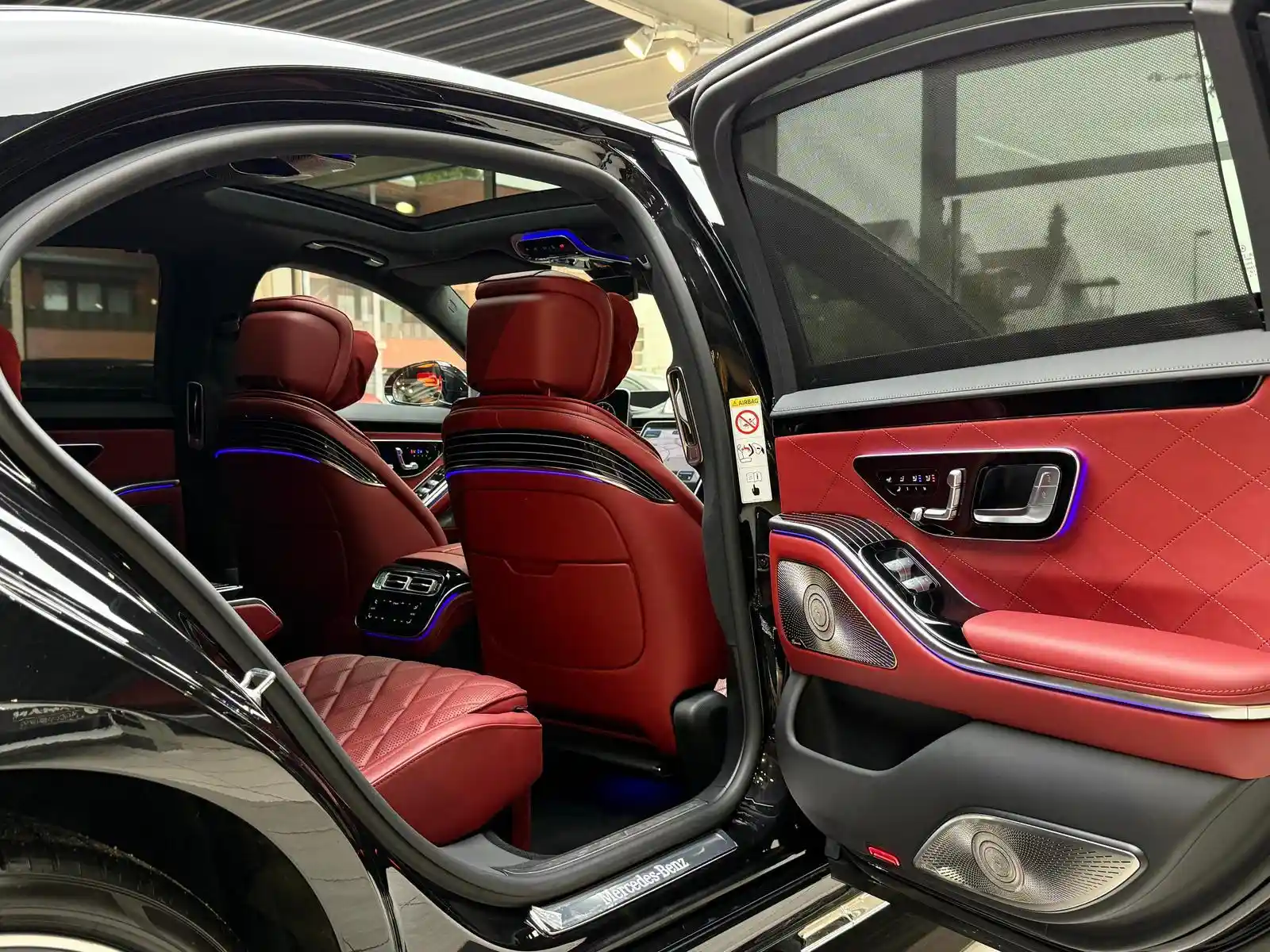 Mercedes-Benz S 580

---

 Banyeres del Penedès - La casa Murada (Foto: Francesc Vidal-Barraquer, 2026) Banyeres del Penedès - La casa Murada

---

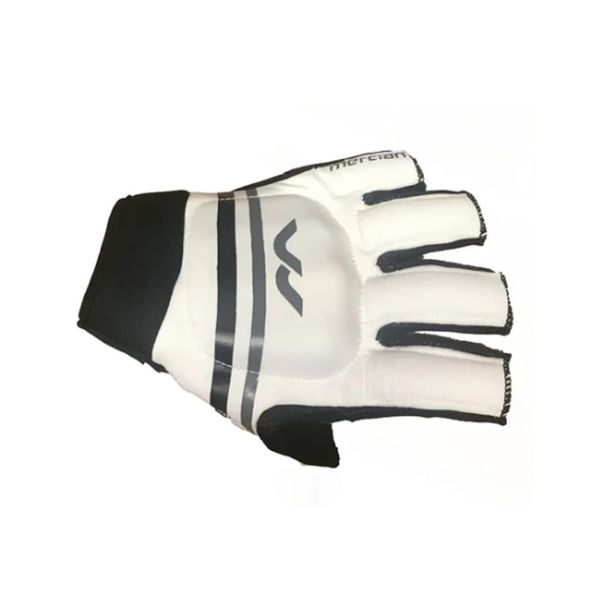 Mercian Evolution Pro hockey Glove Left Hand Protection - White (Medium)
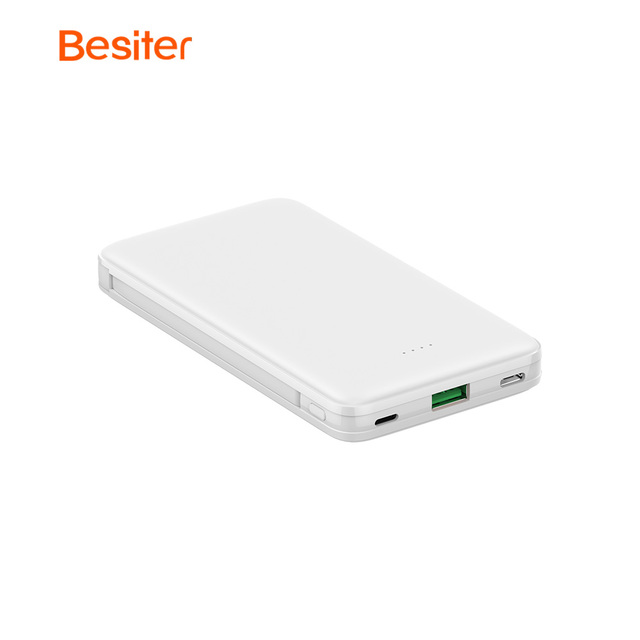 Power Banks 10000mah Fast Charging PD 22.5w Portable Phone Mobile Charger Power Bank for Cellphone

What to produce: Copy nothing but the lines above that run from the one with "Mercian Evolution Pro" to the one with "Power Banks 10000mah", ends included; pictures stay out.

Exercise solution:
 Mercian Evolution Pro hockey Glove Left Hand Protection - White (Medium)
 Power Banks 10000mah Fast Charging PD 22.5w Portable Phone Mobile Charger Power Bank for Cellphone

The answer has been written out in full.